= Paul Rawlinson =

British lawyer (died 2019)

Paul Rawlinson was a British intellectual property lawyer who was the Global Chair of Baker McKenzie, one of the world's largest law firms.

==Early life==
Rawlinson was born and brought up with his older brother Adrian in Chorlton-cum-Hardy, Manchester, England. He attended St Bedes School. He received his B.A. Law from the University of Kent at Canterbury in 1984, before graduating from the University of Paris XI and the College of Law at Guildford, respectively. The inquest into his death stated that he died by suicide after suffering from an acute depressive illness, in April 2019 aged 56.

==Career==
Based in London, Rawlinson was Baker McKenzie's first British Chair.

Rawlinson joined Baker McKenzie in 1986, focusing on intellectual property. He was made partner in 1996, and worked for a time in the firm's Hong Kong office. Rawlinson served as London Managing Partner from 2013 to October 2016, advising global clients on strategies for protecting and enforcing their IP rights. Rawlinson counted Cisco, L’Oréal, Hewlett-Packard, JCB, British American Tobacco, and Eli Lilly as his clients, handling their UK legal matters and, for some, coordinating their global IP needs.
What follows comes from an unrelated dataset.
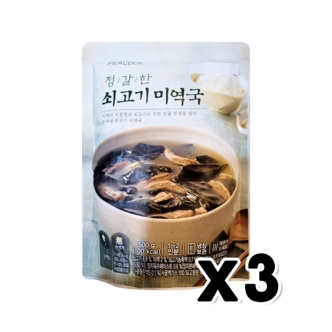  피코크 정갈한 쇠고기미역국 즉석조리식품 500g x 3개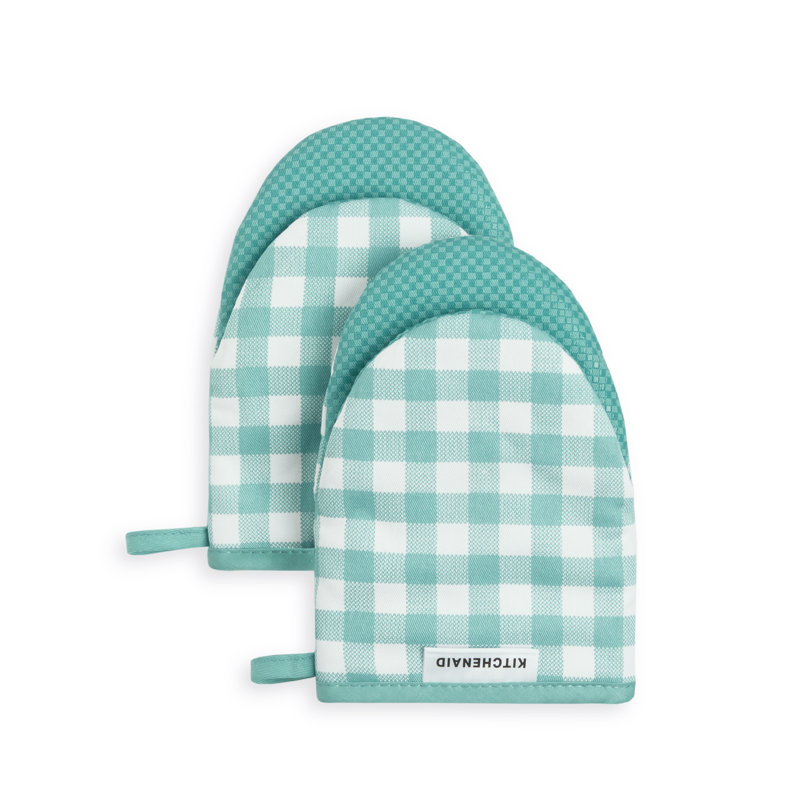 KitchenAid Gingham 2-Piece Oven Mitt, Onyx Black, 5.5""W x 8""L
Rawlinson was a member of the International AntiCounterfeiting Coalition, the Business Alliance Against Counterfeiting and Anti-Piracy, the French Trade Mark & Design Association, and the International Trademark Association. Rawlinson served on the Baker McKenzie Policy Committee and also led its Global Intellectual Property practice group from 2004 to 2010.

After his appointment as Global Chair in October 2016, Rawlinson was one of the most visible global law firm leaders. Baker McKenzie is an active supporter of the World Economic Forum and Rawlinson was interviewed by many international media while at their Davos event. He was a board member for the Thomson Reuters Trust Law Foundation and was also an active supporter of World Business Council on Sustainable Development. Paul was ranked as the leading lawyer in the Male Champion of Women in Business in the UK by the Financial Times and HERoes, a gender-equality initiative and was the sole private sector representative at the United Nations launch event for "Champions of the Global Equal Pay Coalition".

==Personal life ==
Rawlinson has two children. He spoke Spanish French and English. His older brother, Adrian, is a medical doctor in San Francisco.